Recorded information:
+ + + + +
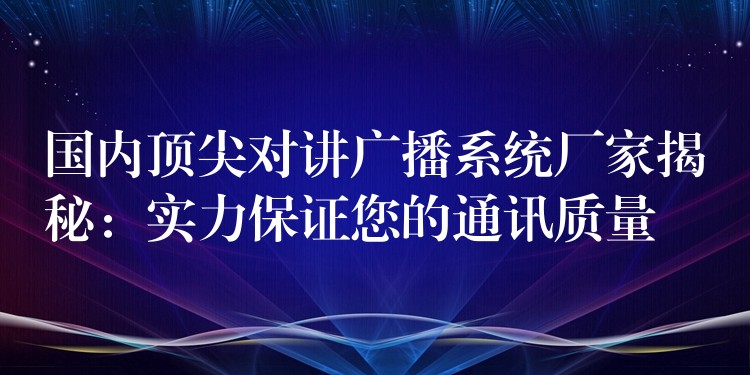 国内顶尖对讲广播系统厂家揭秘:实力保证您的通讯质量 国内顶尖对讲广播系统厂家揭秘:实力保证您的通讯质量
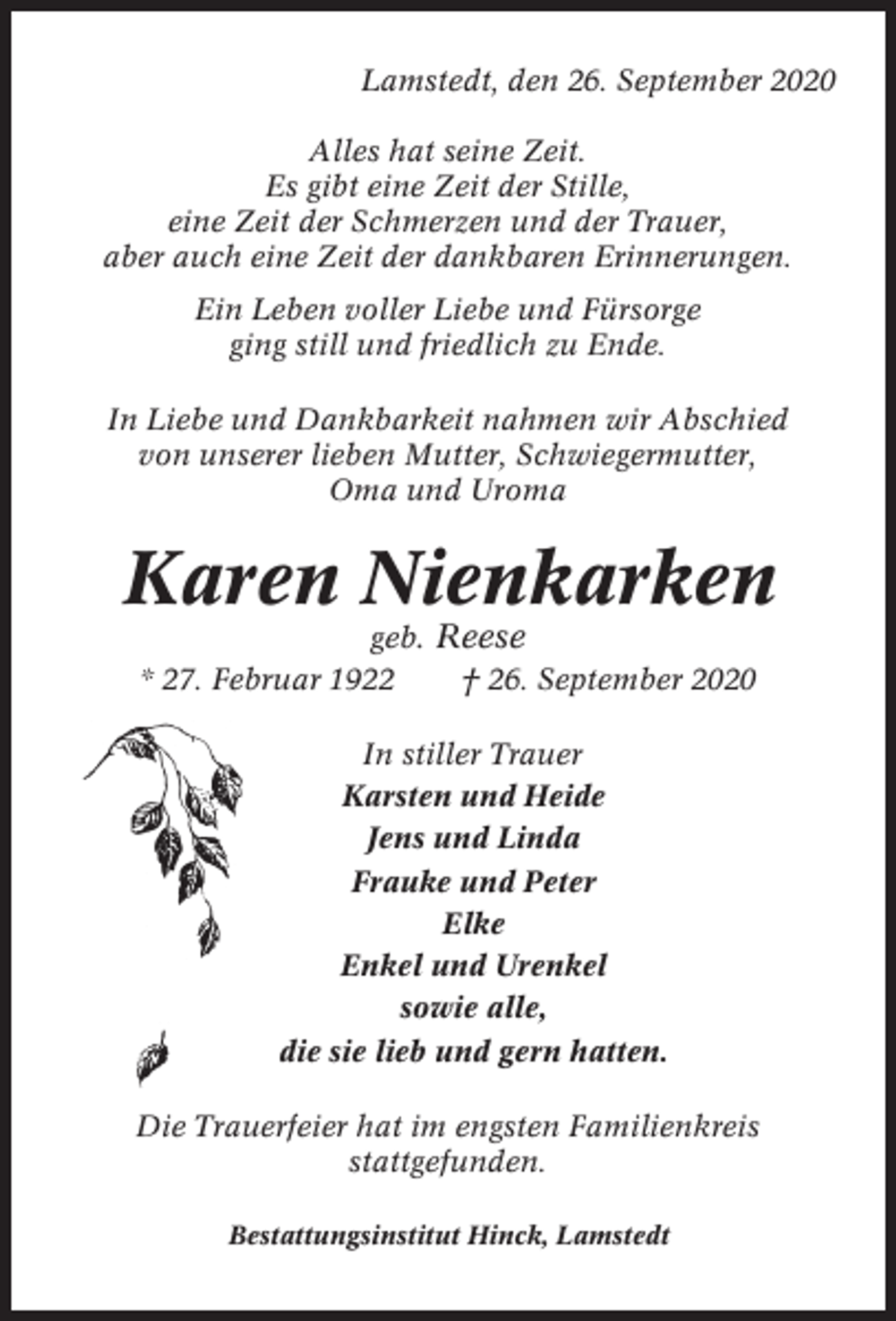 <p>Lamstedt, den 26. September 2020<br />Alles hat seine Zeit.<br />Es gibt eine Zeit der Stille,<br />eine Zeit der Schmerzen und der Trauer,<br />aber auch eine Zeit der dankbaren Erinnerungen.<br />Ein Leben voller Liebe und Fürsorge<br />ging still und friedlich zu Ende.<br />In Liebe und Dankbarkeit nahmen wir Abschied<br />von unserer lieben Mutter, Schwiegermutter,<br />Oma und Uroma</p><p>Karen Nienkarken<br />geb. Reese<br />* 27. Februar 1922<br />† 26. September 2020<br />In stiller Trauer<br />Karsten und Heide<br />Jens und Linda<br />Frauke und Peter<br />Elke<br />Enkel und Urenkel<br />sowie alle,<br />die sie lieb und gern hatten.<br />Die Trauerfeier hat im engsten Familienkreis<br />stattgefunden.<br />Bestattungsinstitut Hinck, Lamstedt</p>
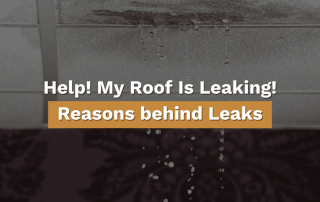 Leaks from roof with text stating "Help! My Roof is Leaking! Reasons behind Leaks"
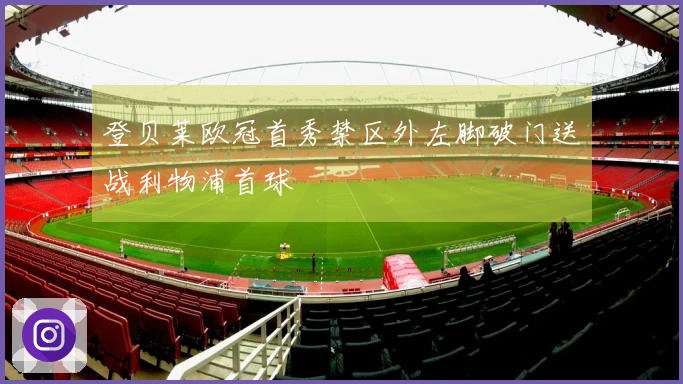 登贝莱欧冠首秀禁区外左脚破门送战利物浦首球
+ + + + +
Exercise aim: Make an exact copy of the listing. Do not carry over its pictures.

Task result:
 国内顶尖对讲广播系统厂家揭秘:实力保证您的通讯质量 国内顶尖对讲广播系统厂家揭秘:实力保证您的通讯质量
 <p>Lamstedt, den 26. September 2020<br />Alles hat seine Zeit.<br />Es gibt eine Zeit der Stille,<br />eine Zeit der Schmerzen und der Trauer,<br />aber auch eine Zeit der dankbaren Erinnerungen.<br />Ein Leben voller Liebe und Fürsorge<br />ging still und friedlich zu Ende.<br />In Liebe und Dankbarkeit nahmen wir Abschied<br />von unserer lieben Mutter, Schwiegermutter,<br />Oma und Uroma</p><p>Karen Nienkarken<br />geb. Reese<br />* 27. Februar 1922<br />† 26. September 2020<br />In stiller Trauer<br />Karsten und Heide<br />Jens und Linda<br />Frauke und Peter<br />Elke<br />Enkel und Urenkel<br />sowie alle,<br />die sie lieb und gern hatten.<br />Die Trauerfeier hat im engsten Familienkreis<br />stattgefunden.<br />Bestattungsinstitut Hinck, Lamstedt</p>
 Leaks from roof with text stating "Help! My Roof is Leaking! Reasons behind Leaks"
 登贝莱欧冠首秀禁区外左脚破门送战利物浦首球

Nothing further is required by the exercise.